Is the Data Vault too complex?
This was a very interesting topic that came up on LinkedIn the other day, so I wanted to address it here to.
There seems to be quite a few people who think that Data Vault models are harder to build and manage than what we do today in most shops. So let me explain how I came to learn Data Vault Data Modeling.
Before learning Data Vault, I had successfully built several 3NF OLTP, 3NF DW, and Kimball-style Dimensional data warehouses (and wrote about it with Bill Inmon and Len Silverston in the original Data Model Resource Book).
In other words, I had a reasonable amount of experience in the subject area (data modeling and data warehousing).
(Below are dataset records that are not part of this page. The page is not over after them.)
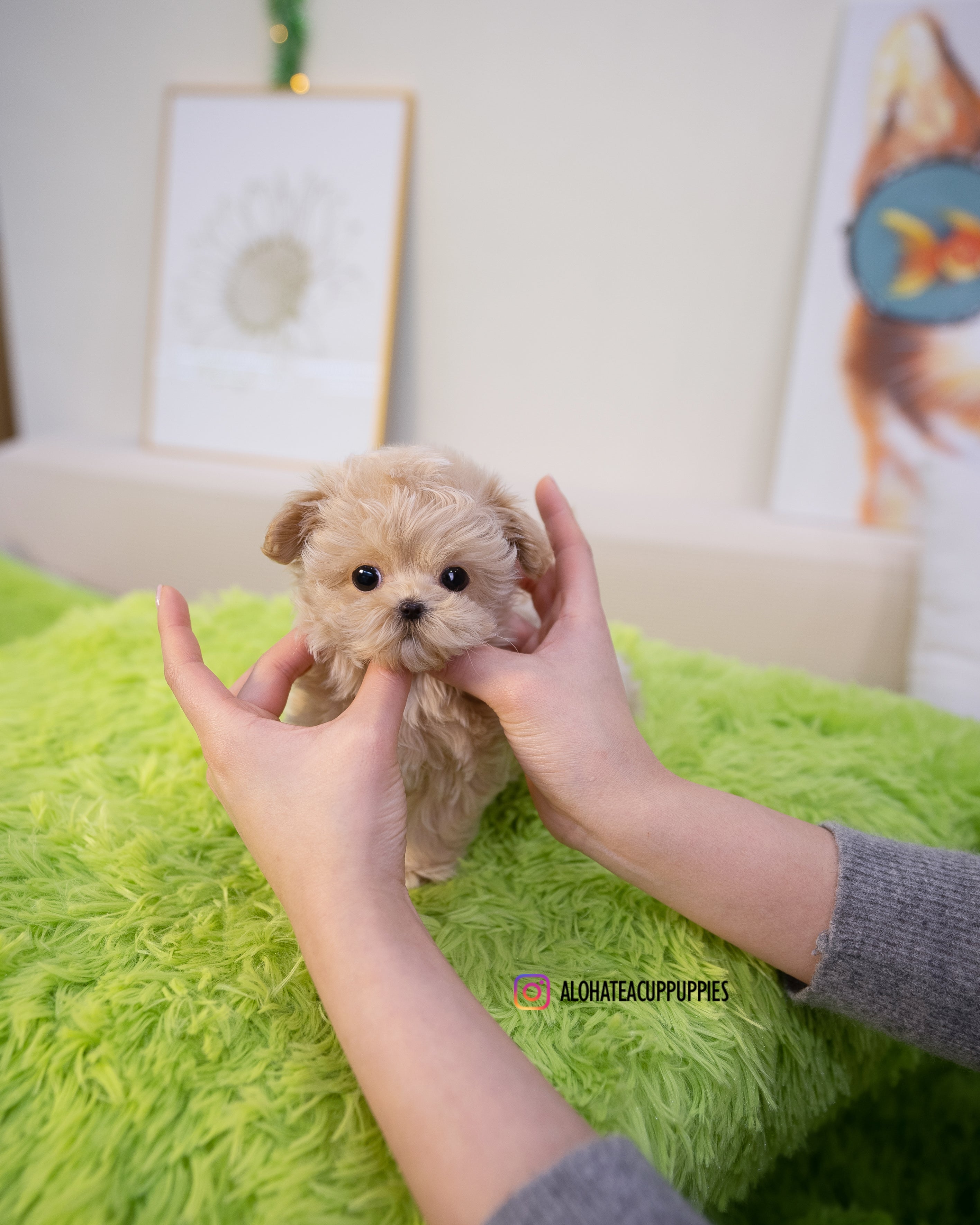Nico [TEACUP MALTIPOO]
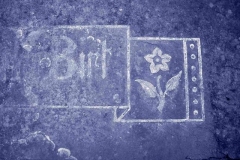 Delavante 06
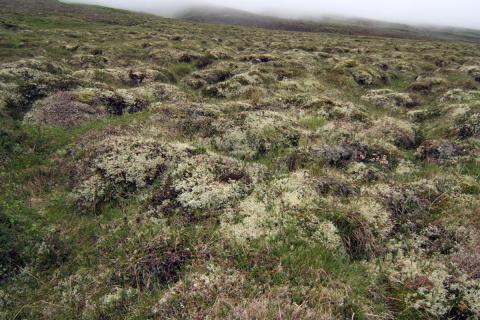 Fléttumói í Glerárdal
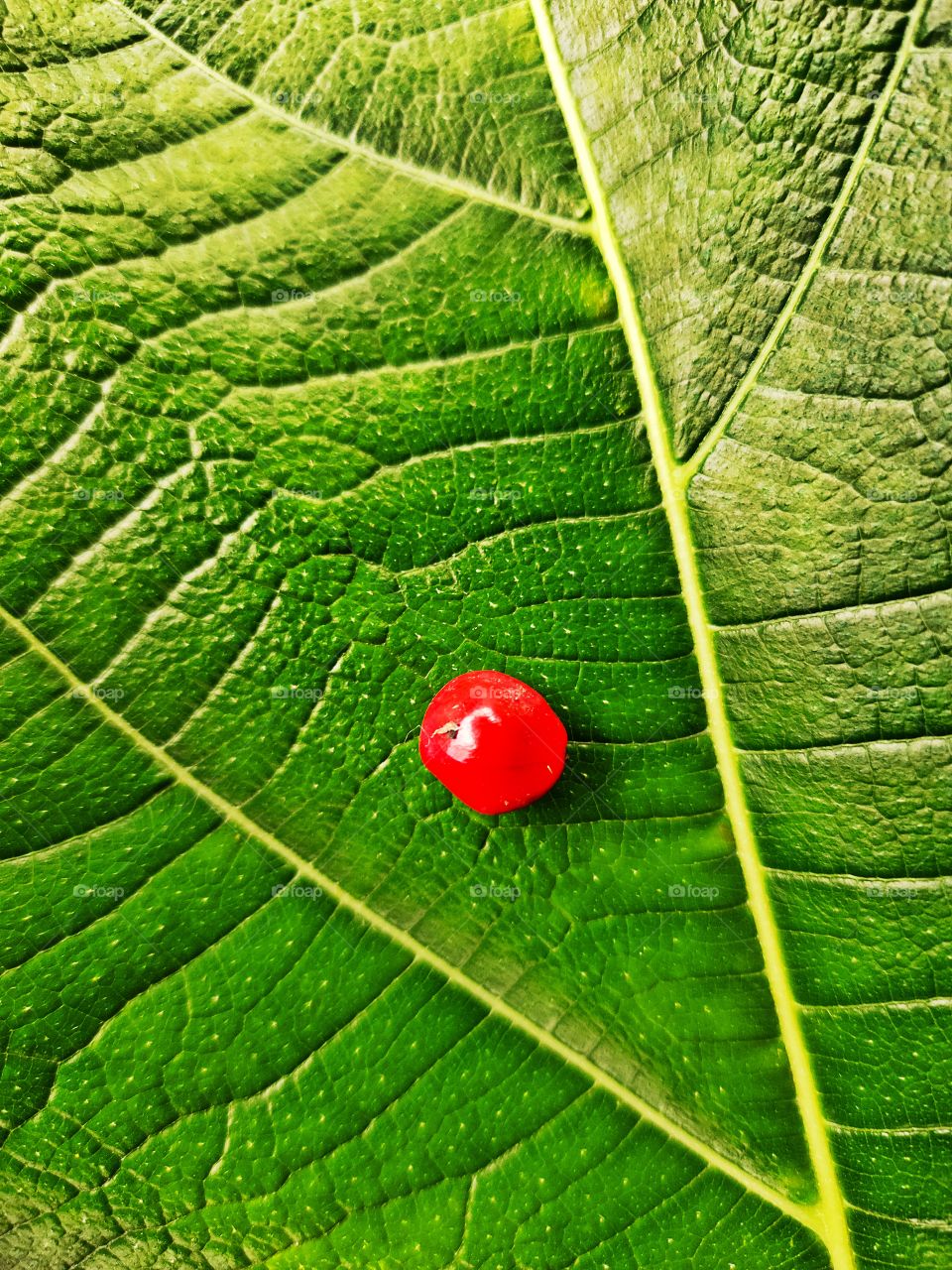 Red perl
Wild Coffee on the Leaf
Amazing Matching
📷👁️📷👁️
I personally found Data Vault extremely easy to learn as a modeling technique (once I took the time to study it a bit). At the time that meant reading the old white papers, attending some lunch & learns with Dan Linstedt and then building a few sample models.
I was definitely skeptical at first (and asked lots of questions at the public lunch & learns). I did not care about MPP, scalability, or many of the other benefits Dan mentioned. I just knew from experience there were a few issues I had seen with the other approaches when it came to building a historical enterprise data store and was hoping Data Vault might be a solution.
In comparison to trying to learn how to design and load a Type 2 slowly changing dimension, Data Vault was a piece of cake (for me anyway).
Once I was convinced, I then introduced the technique to my team in Denver – who had virtually no data warehouse experience.
It was universal – everyone from the modelers to the dbas to the ETL programmers found the technique very easy to learn.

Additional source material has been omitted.